**** RECORDS SHOWN

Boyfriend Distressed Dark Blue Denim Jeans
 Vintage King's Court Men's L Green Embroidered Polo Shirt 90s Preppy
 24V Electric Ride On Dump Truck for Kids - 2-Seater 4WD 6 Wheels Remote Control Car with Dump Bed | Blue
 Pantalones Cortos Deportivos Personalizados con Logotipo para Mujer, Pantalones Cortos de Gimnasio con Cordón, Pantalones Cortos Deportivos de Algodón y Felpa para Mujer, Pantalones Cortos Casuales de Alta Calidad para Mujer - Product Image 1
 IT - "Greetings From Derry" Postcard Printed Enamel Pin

********

WHAT THE EXERCISE ASKS
Provide an exact reproduction of all the entries shown above.

ANSWER AREA
Boyfriend Distressed Dark Blue Denim Jeans
 Vintage King's Court Men's L Green Embroidered Polo Shirt 90s Preppy
 24V Electric Ride On Dump Truck for Kids - 2-Seater 4WD 6 Wheels Remote Control Car with Dump Bed | Blue
 Pantalones Cortos Deportivos Personalizados con Logotipo para Mujer, Pantalones Cortos de Gimnasio con Cordón, Pantalones Cortos Deportivos de Algodón y Felpa para Mujer, Pantalones Cortos Casuales de Alta Calidad para Mujer - Product Image 1
 IT - "Greetings From Derry" Postcard Printed Enamel Pin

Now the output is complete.